WHAT YOU WILL DO: Return the records verbatim.

::: SOURCE MATERIAL

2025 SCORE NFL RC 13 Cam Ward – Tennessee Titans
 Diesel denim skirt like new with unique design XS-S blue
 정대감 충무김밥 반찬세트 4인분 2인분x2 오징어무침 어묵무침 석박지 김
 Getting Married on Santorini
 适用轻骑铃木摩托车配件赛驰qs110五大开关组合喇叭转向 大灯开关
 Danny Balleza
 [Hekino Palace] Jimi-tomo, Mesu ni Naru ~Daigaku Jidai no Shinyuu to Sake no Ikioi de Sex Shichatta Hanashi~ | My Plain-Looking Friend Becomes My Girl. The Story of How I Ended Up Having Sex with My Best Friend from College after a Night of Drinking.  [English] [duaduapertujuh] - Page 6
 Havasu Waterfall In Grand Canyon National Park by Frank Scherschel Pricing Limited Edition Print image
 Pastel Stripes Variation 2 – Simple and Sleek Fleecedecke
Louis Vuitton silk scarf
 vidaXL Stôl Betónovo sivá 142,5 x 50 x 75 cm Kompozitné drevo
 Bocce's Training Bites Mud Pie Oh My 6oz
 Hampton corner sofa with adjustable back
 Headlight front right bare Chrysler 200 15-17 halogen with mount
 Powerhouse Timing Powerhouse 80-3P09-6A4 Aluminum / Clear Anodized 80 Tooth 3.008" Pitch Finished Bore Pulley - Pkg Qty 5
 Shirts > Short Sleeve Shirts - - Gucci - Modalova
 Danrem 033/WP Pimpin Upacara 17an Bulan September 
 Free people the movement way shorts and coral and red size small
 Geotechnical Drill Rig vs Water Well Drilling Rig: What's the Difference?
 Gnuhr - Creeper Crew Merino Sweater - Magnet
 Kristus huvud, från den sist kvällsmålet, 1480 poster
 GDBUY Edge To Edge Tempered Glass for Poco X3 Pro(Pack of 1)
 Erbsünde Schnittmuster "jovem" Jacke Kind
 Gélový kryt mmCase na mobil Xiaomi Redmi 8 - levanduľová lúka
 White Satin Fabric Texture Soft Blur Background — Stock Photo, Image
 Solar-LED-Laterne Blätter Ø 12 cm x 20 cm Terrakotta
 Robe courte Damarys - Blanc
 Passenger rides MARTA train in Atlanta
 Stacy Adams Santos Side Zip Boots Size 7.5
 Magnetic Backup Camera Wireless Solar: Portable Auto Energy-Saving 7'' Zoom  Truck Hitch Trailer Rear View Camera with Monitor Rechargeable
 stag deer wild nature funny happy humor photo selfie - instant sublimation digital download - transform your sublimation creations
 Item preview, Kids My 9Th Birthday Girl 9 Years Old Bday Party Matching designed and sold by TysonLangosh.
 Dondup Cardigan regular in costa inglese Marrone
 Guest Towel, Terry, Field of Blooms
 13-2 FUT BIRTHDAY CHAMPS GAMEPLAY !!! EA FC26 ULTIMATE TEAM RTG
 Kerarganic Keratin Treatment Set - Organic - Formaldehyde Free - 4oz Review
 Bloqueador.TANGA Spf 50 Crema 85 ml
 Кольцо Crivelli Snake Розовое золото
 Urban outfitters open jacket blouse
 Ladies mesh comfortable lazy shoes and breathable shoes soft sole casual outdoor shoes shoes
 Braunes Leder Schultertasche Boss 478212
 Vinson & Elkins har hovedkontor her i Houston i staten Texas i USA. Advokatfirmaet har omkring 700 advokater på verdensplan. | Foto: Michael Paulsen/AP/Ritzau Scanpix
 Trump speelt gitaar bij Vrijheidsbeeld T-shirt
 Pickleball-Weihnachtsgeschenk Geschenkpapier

::::::

ANSWER SECTION:
2025 SCORE NFL RC 13 Cam Ward – Tennessee Titans
 Diesel denim skirt like new with unique design XS-S blue
 정대감 충무김밥 반찬세트 4인분 2인분x2 오징어무침 어묵무침 석박지 김
 Getting Married on Santorini
 适用轻骑铃木摩托车配件赛驰qs110五大开关组合喇叭转向 大灯开关
 Danny Balleza
 [Hekino Palace] Jimi-tomo, Mesu ni Naru ~Daigaku Jidai no Shinyuu to Sake no Ikioi de Sex Shichatta Hanashi~ | My Plain-Looking Friend Becomes My Girl. The Story of How I Ended Up Having Sex with My Best Friend from College after a Night of Drinking.  [English] [duaduapertujuh] - Page 6
 Havasu Waterfall In Grand Canyon National Park by Frank Scherschel Pricing Limited Edition Print image
 Pastel Stripes Variation 2 – Simple and Sleek Fleecedecke
Louis Vuitton silk scarf
 vidaXL Stôl Betónovo sivá 142,5 x 50 x 75 cm Kompozitné drevo
 Bocce's Training Bites Mud Pie Oh My 6oz
 Hampton corner sofa with adjustable back
 Headlight front right bare Chrysler 200 15-17 halogen with mount
 Powerhouse Timing Powerhouse 80-3P09-6A4 Aluminum / Clear Anodized 80 Tooth 3.008" Pitch Finished Bore Pulley - Pkg Qty 5
 Shirts > Short Sleeve Shirts - - Gucci - Modalova
 Danrem 033/WP Pimpin Upacara 17an Bulan September 
 Free people the movement way shorts and coral and red size small
 Geotechnical Drill Rig vs Water Well Drilling Rig: What's the Difference?
 Gnuhr - Creeper Crew Merino Sweater - Magnet
 Kristus huvud, från den sist kvällsmålet, 1480 poster
 GDBUY Edge To Edge Tempered Glass for Poco X3 Pro(Pack of 1)
 Erbsünde Schnittmuster "jovem" Jacke Kind
 Gélový kryt mmCase na mobil Xiaomi Redmi 8 - levanduľová lúka
 White Satin Fabric Texture Soft Blur Background — Stock Photo, Image
 Solar-LED-Laterne Blätter Ø 12 cm x 20 cm Terrakotta
 Robe courte Damarys - Blanc
 Passenger rides MARTA train in Atlanta
 Stacy Adams Santos Side Zip Boots Size 7.5
 Magnetic Backup Camera Wireless Solar: Portable Auto Energy-Saving 7'' Zoom  Truck Hitch Trailer Rear View Camera with Monitor Rechargeable
 stag deer wild nature funny happy humor photo selfie - instant sublimation digital download - transform your sublimation creations
 Item preview, Kids My 9Th Birthday Girl 9 Years Old Bday Party Matching designed and sold by TysonLangosh.
 Dondup Cardigan regular in costa inglese Marrone
 Guest Towel, Terry, Field of Blooms
 13-2 FUT BIRTHDAY CHAMPS GAMEPLAY !!! EA FC26 ULTIMATE TEAM RTG
 Kerarganic Keratin Treatment Set - Organic - Formaldehyde Free - 4oz Review
 Bloqueador.TANGA Spf 50 Crema 85 ml
 Кольцо Crivelli Snake Розовое золото
 Urban outfitters open jacket blouse
 Ladies mesh comfortable lazy shoes and breathable shoes soft sole casual outdoor shoes shoes
 Braunes Leder Schultertasche Boss 478212
 Vinson & Elkins har hovedkontor her i Houston i staten Texas i USA. Advokatfirmaet har omkring 700 advokater på verdensplan. | Foto: Michael Paulsen/AP/Ritzau Scanpix
 Trump speelt gitaar bij Vrijheidsbeeld T-shirt
 Pickleball-Weihnachtsgeschenk Geschenkpapier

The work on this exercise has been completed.